Nomura (Kazuki Kitamura) has a hobby that has taken over his life. He likes to film women, without their permission, and upload the results onto the internet, and the reason it's without their permission is because when he turns his camera on, he's in the process of murdering them. He feels as if he is in a privileged position, above normal society, though this does mean he has nobody to relate to - until he finds out about Bayu (Oka Antara). This man is a journalist who has recently been humiliated in his attempts to expose a corrupt politician, indeed not even the accusation the politician, Mr Dharma (Ray Sahetapy) has been beating his wife can stick. Bayu tries to pursue this, but only gets beaten up for his trouble, leaving him close to breaking point, which is just where Nomura wants him...
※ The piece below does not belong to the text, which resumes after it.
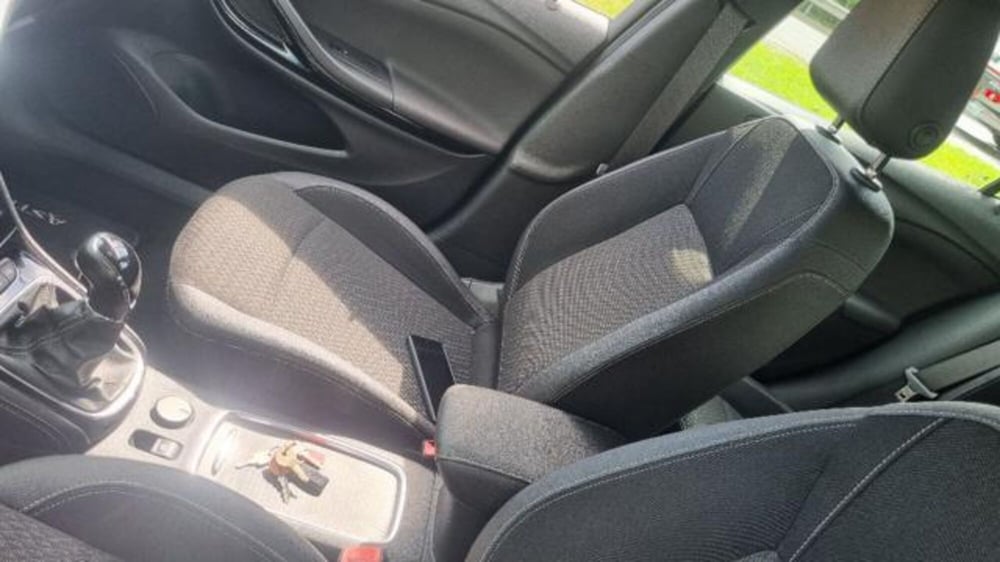 Opel Astra usata a Savona (14)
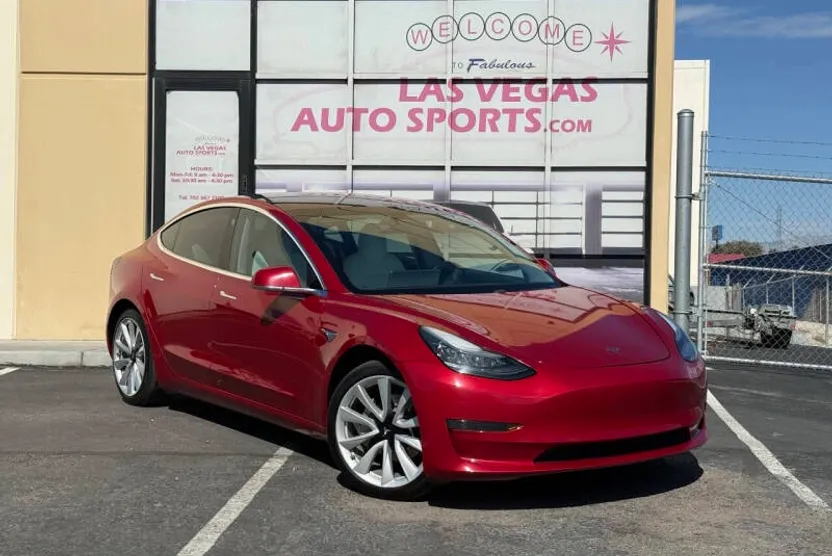 2019 Tesla Model 3 Long Range photo 1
Killers was one of a number of violent melodramas edging into horror territory that spread across Asian cinema come the twenty-first century. Naturally, it was a region of the world where violence and cinema went hand in hand for many of its genre pieces, but works such as this, directed by the self-styled Mo Brothers (actually the unrelated Kimo Stamboel and Timo Tjahjanto), appeared to bring the bloodshed not so much as a titillating reason for being as had happened so often before, but an actual method of telling the story and bringing out its themes. Thus the question they were posing here was, is murder ever justified? Sure, there are those who murder entirely innocent people, but what if the victims had done something despicable?
The conclusion they drew was that no matter the justification found for ending someone's life prematurely, the fact was the action debased whoever was carrying it out, so we had the evil killer in Nomura who was essentially a serial murderer, and the "good" killer in Bayu who at first kills in self-defence, then after getting a taste for it sees a way of attaining justice in his battle against Dharma and his goons who happen to have the law on their side (the police do not emerge from this well). Yet by the end of it nothing Bayu has done has resulted in any beneficial effect, as his plans simply led to tragedy both for himself, his loved ones and those unlucky enough to be caught up in the two men's orbit once they begin communicating with one another over the internet.
This premise sort of tied in with the "internet is used for evil" thrillers that had emerged over the previous decade or two, though here the online world was less condemned (we can read a few of the cheerleading comments on Nomura's videos if we look closely enough) than accepted as a given, when it was the people feeding the appetite for the vilest material that were more culpable than those who consumed it. You could argue if there were no consumers, no audience, then there would be no impetus for these individuals to show off how awful they could be, though Bayu thinks he is doing good, but there are plenty of folks who behave dreadfully with no audience whatsoever, so the need to show off about their crimes was not necessarily the driving force behind them.
Initially the deck is stacked in Bayu's favour as far as the moral high ground goes: that first killing (a double killing, in fact), is purely in self-defence and but he gets a pistol out of the altercation which becomes both instrumental and emblematic of his desire to get even, first with Dharma and then the world. We see his family life with his estranged wife Dina (Luna Maya) and young daughter, bringing in the other theme of male role models and how they have grown corrupted in the modern world, most blatantly when Nomura gets to know a young florist, Hisae (Rin Takanashi), who he witnessed trying to kill her autistic brother in a staged traffic accident, or so he believes. He then leads the boy astray, but Hisae contains more humanity than he would ever know what to do with, as most of the women here do, which should shame him and indeed Bayu, only it's a man's world and Killers has its doubts over the benefits. This was brought to you by some of those behind The Raid movies, and demonstrated the violence levels that series did, but had absurd logic to its concerns. Music by Aria Prayogi.